The 2018 Margin Lending Adviser Report also found that as high-net-worth investors demand more than just domestic equities advice from stockbrokers, only 33% of brokers will position themselves as stockbrokers to clients in 12 months' time.
The research also found advisers and stockbrokers anticipate significant changes to the products they recommend.
This is a move toward ETFs and managed accounts - solutions that provide diversification, low cost, and require less admin and paperwork, the report said.
"We expect this trend to persist as advisers increasingly prioritise diversification and capital preservation when selecting investments for clients," Investment Trends analyst John Carver said.
The vast majority of stockbrokers (73%) and financial planners (83%) believe gearing is a key investment strategy in clients' portfolios, but is ideally suited to those with assets over $1 million (HNWs); between $250,000 and $1 million in investable assets (affluent clients); and accumulators aged 35-49.

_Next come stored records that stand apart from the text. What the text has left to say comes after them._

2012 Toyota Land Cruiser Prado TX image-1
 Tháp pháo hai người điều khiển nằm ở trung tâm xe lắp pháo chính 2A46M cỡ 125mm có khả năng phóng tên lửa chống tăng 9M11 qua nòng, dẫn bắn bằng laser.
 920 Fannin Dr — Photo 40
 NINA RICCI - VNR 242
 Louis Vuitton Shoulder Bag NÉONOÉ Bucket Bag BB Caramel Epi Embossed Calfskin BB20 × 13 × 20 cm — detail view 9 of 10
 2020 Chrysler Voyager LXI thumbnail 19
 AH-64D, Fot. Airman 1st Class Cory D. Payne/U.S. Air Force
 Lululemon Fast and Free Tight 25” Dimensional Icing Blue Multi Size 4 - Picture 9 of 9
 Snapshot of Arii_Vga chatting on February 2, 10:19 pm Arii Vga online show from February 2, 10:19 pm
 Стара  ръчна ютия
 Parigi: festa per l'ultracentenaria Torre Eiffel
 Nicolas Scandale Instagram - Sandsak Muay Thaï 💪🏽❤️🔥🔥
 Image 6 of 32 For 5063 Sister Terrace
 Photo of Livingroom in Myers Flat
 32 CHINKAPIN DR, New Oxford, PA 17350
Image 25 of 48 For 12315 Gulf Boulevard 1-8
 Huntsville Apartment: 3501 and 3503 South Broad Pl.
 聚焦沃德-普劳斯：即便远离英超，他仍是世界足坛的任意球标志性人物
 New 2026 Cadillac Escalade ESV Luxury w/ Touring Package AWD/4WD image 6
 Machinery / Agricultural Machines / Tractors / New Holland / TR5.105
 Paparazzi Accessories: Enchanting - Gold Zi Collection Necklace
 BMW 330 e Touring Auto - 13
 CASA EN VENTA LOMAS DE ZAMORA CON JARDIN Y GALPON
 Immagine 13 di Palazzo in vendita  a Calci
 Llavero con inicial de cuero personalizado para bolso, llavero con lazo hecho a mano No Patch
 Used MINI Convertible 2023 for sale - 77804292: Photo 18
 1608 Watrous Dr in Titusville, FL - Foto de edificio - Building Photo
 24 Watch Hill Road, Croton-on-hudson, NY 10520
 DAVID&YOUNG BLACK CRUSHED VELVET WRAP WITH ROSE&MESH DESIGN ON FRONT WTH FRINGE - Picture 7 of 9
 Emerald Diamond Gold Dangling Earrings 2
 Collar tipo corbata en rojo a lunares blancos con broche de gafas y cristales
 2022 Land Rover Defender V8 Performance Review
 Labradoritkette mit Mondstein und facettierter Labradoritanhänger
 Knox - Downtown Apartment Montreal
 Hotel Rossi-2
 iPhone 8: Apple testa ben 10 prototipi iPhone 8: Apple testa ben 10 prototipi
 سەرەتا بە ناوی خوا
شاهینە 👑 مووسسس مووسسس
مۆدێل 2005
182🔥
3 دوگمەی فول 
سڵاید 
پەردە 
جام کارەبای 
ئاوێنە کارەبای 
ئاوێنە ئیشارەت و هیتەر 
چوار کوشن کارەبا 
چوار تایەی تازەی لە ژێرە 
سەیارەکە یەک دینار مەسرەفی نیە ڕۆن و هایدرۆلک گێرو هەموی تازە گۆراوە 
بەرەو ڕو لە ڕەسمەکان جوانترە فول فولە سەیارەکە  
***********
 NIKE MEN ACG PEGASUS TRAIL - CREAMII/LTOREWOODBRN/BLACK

Outside of property, the most popular form of gearing is in shares and funds.
"Despite many advisers recognising the benefits of gearing, enthusiasm for products such as margin lending has declined," Carver said.
"Heightened market volatility has certainly held back many advisers from increasing their gearing advice, and instead we are observing a greater proportion of clients themselves prompting their adviser to use these products in the first place."